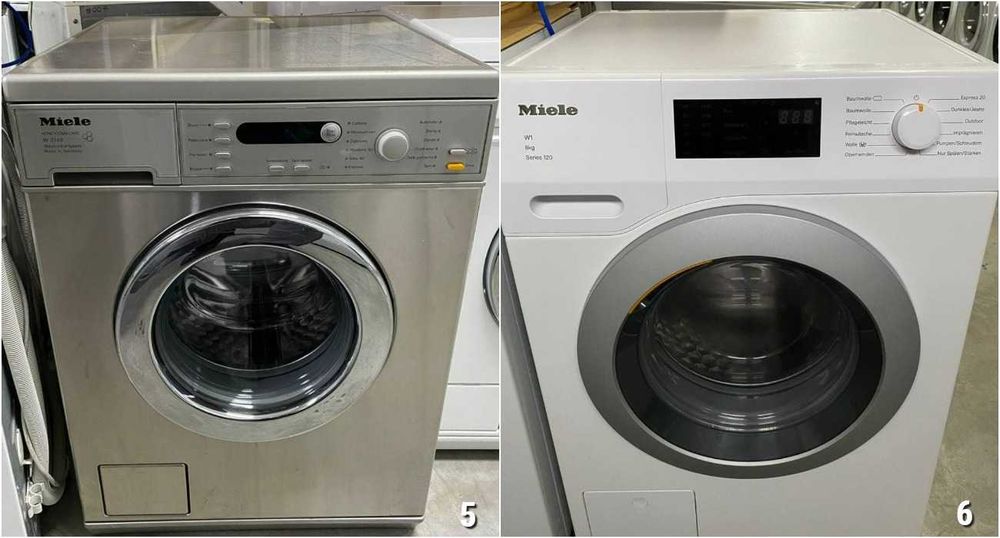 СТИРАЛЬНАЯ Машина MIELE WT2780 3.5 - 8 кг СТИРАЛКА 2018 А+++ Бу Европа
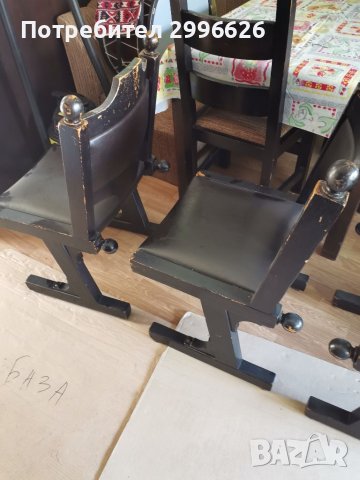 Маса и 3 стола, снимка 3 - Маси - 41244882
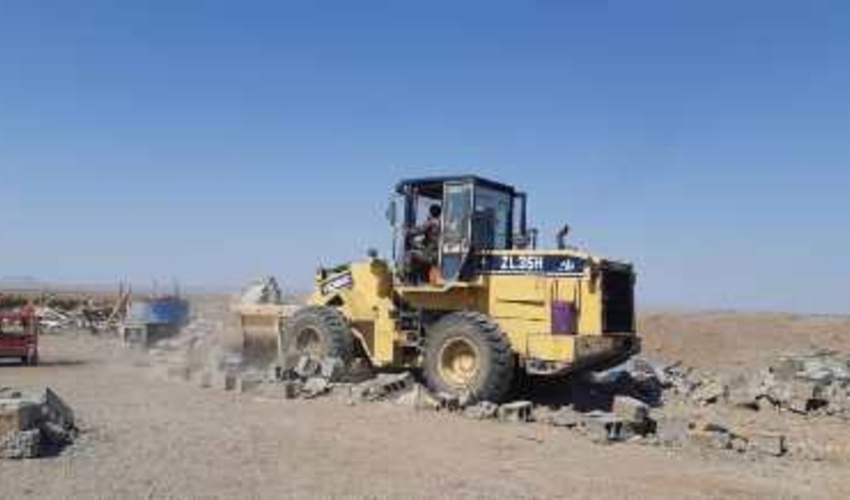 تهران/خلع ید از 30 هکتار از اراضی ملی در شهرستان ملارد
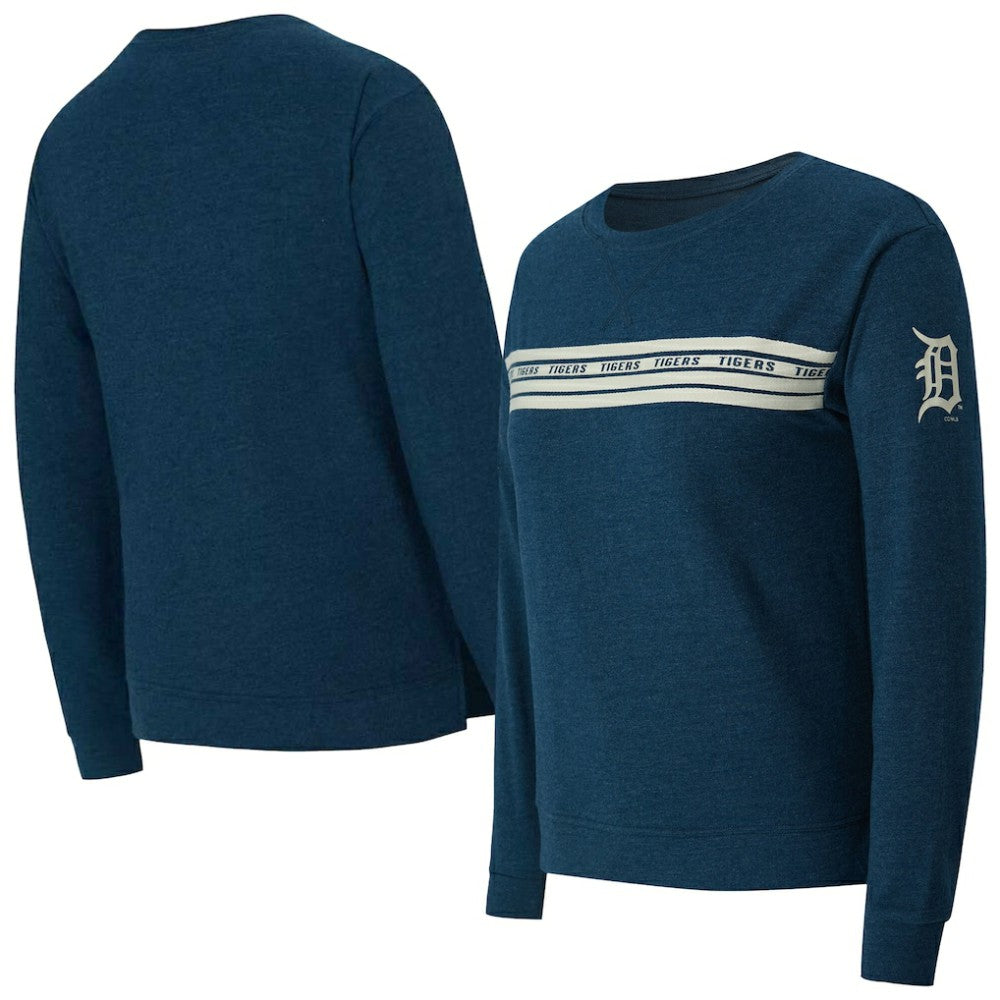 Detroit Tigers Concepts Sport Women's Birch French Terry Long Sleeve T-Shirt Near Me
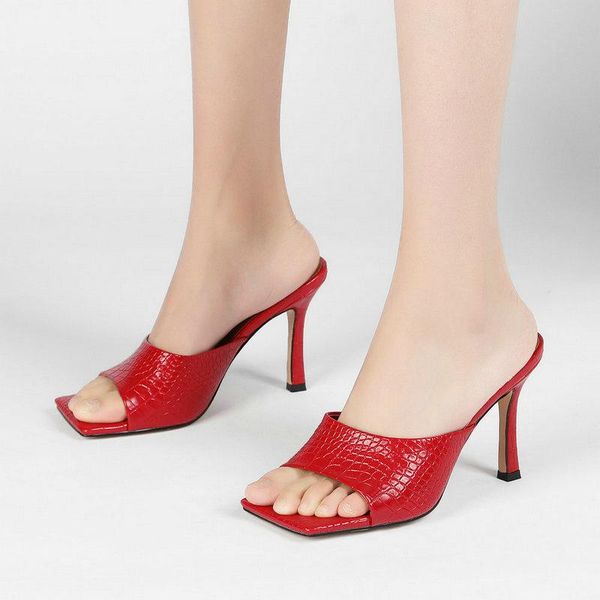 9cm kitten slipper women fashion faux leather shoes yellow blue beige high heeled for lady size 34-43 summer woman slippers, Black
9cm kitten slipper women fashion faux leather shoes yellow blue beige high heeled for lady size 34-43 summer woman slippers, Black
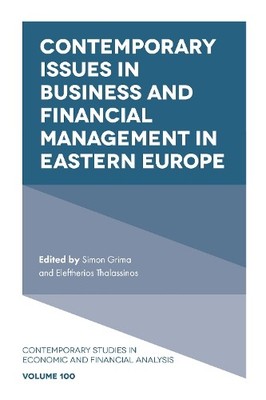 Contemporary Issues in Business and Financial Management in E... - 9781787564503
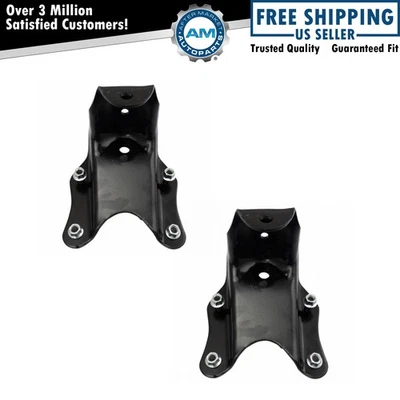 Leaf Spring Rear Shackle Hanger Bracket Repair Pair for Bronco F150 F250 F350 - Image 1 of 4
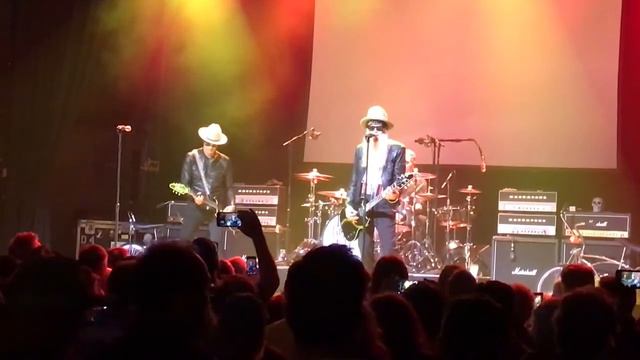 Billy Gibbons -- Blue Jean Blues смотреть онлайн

*What is expected*. Which lines run from the one containing "Маса и 3 стола, снимка 3 - Маси - 41244882" to the end of the entries above? Write them out exactly, leaving out every picture.

*Written answer*.
 Маса и 3 стола, снимка 3 - Маси - 41244882
 تهران/خلع ید از 30 هکتار از اراضی ملی در شهرستان ملارد
 Detroit Tigers Concepts Sport Women's Birch French Terry Long Sleeve T-Shirt Near Me
 9cm kitten slipper women fashion faux leather shoes yellow blue beige high heeled for lady size 34-43 summer woman slippers, Black
9cm kitten slipper women fashion faux leather shoes yellow blue beige high heeled for lady size 34-43 summer woman slippers, Black
 Contemporary Issues in Business and Financial Management in E... - 9781787564503
 Leaf Spring Rear Shackle Hanger Bracket Repair Pair for Bronco F150 F250 F350 - Image 1 of 4
 Billy Gibbons -- Blue Jean Blues смотреть онлайн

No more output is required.